Exercise objective » Return the lines below that contain "using".
··· Supplied entries
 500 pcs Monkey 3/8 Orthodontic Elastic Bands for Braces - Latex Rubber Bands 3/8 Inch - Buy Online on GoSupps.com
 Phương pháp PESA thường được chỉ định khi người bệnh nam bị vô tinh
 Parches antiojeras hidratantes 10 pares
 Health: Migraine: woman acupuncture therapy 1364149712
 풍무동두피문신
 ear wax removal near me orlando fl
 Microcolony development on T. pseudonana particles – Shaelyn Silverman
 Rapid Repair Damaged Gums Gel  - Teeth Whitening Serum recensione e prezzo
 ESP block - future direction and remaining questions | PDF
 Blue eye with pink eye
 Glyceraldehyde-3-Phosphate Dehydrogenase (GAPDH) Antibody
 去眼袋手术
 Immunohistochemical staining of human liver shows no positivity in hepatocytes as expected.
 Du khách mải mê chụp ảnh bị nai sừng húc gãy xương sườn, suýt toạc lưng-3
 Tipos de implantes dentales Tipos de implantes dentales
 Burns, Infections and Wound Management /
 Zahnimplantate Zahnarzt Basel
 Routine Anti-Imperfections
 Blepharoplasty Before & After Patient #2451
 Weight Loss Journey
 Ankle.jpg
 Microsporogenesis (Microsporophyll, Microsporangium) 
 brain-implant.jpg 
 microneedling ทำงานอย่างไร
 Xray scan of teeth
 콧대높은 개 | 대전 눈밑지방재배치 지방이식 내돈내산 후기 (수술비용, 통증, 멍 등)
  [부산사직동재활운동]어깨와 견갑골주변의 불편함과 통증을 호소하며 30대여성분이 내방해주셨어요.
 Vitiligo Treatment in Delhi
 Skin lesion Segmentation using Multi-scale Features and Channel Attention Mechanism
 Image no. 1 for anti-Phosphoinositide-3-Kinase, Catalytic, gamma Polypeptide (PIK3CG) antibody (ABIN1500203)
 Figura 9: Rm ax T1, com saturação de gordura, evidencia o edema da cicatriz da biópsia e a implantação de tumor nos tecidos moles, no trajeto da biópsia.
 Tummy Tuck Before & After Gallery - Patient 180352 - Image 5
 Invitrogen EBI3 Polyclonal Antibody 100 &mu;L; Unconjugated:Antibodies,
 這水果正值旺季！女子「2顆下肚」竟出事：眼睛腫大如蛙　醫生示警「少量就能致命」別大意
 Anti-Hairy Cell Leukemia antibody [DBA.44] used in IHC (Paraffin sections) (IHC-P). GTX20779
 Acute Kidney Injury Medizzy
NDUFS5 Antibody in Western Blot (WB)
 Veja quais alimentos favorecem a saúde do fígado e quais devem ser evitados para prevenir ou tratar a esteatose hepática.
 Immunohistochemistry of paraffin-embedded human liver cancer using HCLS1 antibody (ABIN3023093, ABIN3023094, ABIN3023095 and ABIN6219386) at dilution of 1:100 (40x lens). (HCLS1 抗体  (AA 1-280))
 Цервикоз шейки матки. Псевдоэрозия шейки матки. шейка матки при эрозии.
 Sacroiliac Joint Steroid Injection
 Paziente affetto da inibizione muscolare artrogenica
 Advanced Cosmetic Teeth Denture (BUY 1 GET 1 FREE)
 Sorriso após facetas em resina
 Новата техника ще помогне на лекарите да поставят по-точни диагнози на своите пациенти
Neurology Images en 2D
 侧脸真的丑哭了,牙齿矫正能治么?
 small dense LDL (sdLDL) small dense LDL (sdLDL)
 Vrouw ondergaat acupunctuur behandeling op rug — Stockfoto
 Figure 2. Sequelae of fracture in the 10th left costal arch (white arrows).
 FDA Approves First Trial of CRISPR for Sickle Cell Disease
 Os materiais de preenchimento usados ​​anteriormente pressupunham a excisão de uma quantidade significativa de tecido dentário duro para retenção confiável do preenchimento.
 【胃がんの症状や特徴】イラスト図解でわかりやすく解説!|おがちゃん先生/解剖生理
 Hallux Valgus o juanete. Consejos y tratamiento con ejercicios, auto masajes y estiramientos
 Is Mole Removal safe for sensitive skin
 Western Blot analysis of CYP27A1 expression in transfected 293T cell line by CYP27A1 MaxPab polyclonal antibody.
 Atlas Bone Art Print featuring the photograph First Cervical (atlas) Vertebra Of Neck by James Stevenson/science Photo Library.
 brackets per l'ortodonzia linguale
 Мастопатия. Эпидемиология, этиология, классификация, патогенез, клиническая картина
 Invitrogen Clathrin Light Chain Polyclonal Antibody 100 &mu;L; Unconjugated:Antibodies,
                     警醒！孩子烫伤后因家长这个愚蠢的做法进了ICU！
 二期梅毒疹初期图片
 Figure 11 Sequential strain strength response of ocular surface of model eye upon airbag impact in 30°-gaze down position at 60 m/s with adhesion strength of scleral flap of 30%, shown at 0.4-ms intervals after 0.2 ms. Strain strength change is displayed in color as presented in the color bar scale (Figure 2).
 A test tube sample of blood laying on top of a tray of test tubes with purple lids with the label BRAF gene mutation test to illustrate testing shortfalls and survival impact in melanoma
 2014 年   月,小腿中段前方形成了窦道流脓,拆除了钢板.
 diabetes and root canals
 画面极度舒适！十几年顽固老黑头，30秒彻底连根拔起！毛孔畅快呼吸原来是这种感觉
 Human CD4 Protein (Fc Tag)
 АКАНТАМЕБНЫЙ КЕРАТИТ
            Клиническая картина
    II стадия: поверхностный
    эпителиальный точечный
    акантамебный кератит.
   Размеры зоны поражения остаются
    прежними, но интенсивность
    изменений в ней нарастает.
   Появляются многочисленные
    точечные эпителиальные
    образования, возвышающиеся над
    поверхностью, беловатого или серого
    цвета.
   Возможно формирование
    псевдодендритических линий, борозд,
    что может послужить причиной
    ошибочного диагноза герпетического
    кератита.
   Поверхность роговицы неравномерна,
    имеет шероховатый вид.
······
Task solution »
 Skin lesion Segmentation using Multi-scale Features and Channel Attention Mechanism
 Immunohistochemistry of paraffin-embedded human liver cancer using HCLS1 antibody (ABIN3023093, ABIN3023094, ABIN3023095 and ABIN6219386) at dilution of 1:100 (40x lens). (HCLS1 抗体  (AA 1-280))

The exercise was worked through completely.